According to The Verge’s review of the new MacBook Air with the M2 chip, the $1,199 base model equipped with 256GB of storage has a single NAND chip, which will lead to slower SSD speeds in benchmark testing. MacRumors reports: The dilemma arises from the fact that Apple switched to using a single 256GB flash storage chip instead of two 128GB chips in the base models of the new MacBook Air and 13-inch MacBook Pro. Configurations equipped with 512GB of storage or more are equipped with multiple NAND chips, allowing for faster speeds in parallel.
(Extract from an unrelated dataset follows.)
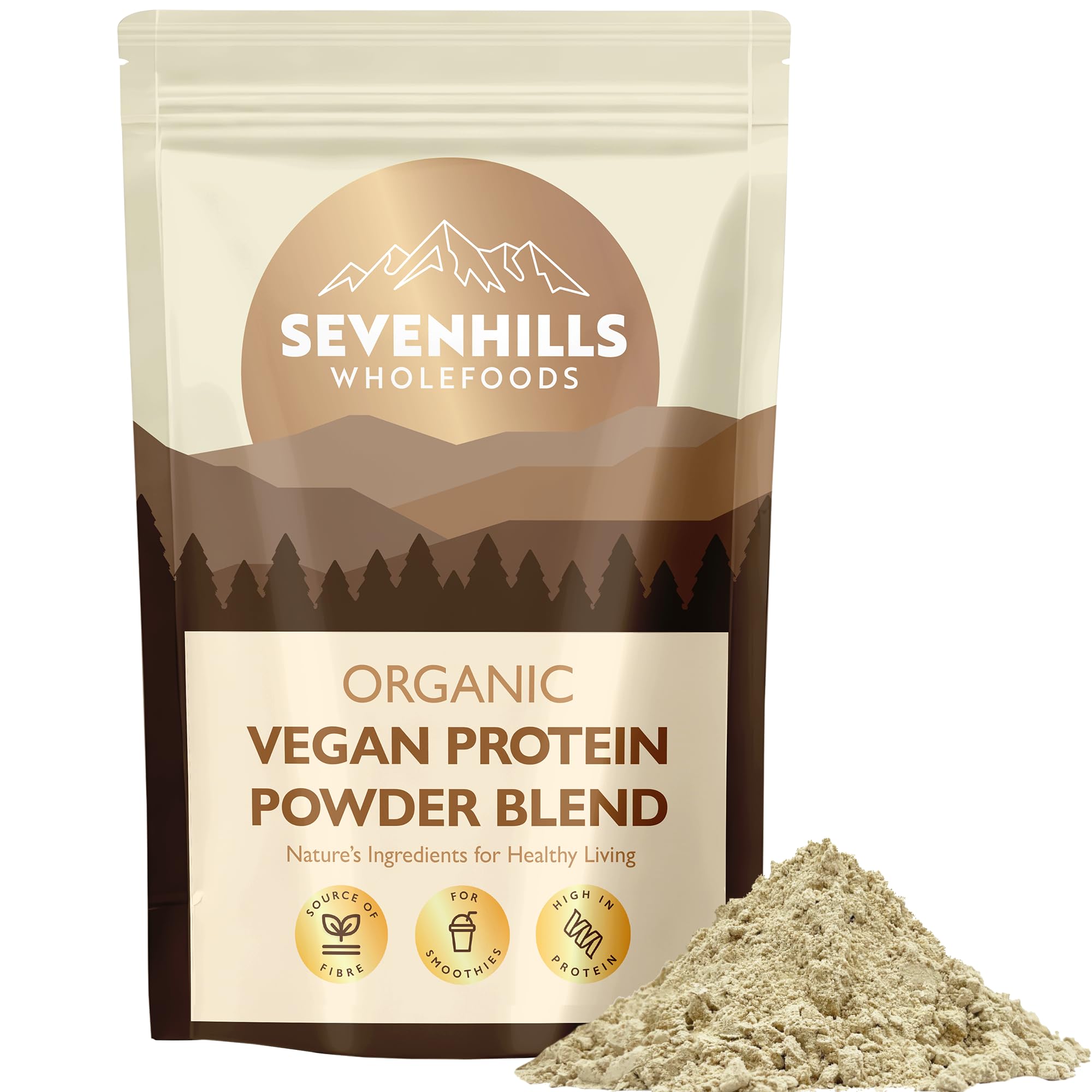 Sevenhills Wholefoods Organic Vegan Natural Protein Powder Blend 900g, with Rice, Hemp & Pea Protein, unsweetened & unflavoured, no additives, Dairy & Soy Free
In a statement issued to The Verge, Apple said that while benchmarks of the new MacBook Air and 13-inch MacBook Pro with 256GB of storage “may show a difference” compared to previous-generation models, real-world performance is “even faster”:

“Thanks to the performance increases of M2, the new MacBook Air and the 13-inch MacBook Pro are incredibly fast, even compared to Mac laptops with the powerful M1 chip. These new systems use a new higher density NAND that delivers 256GB storage using a single chip. While benchmarks of the 256GB SSD may show a difference compared to the previous generation, the performance of these M2 based systems for real world activities are even faster.” It’s unclear if Apple’s statement refers explicitly to real-world SSD performance or overall system performance.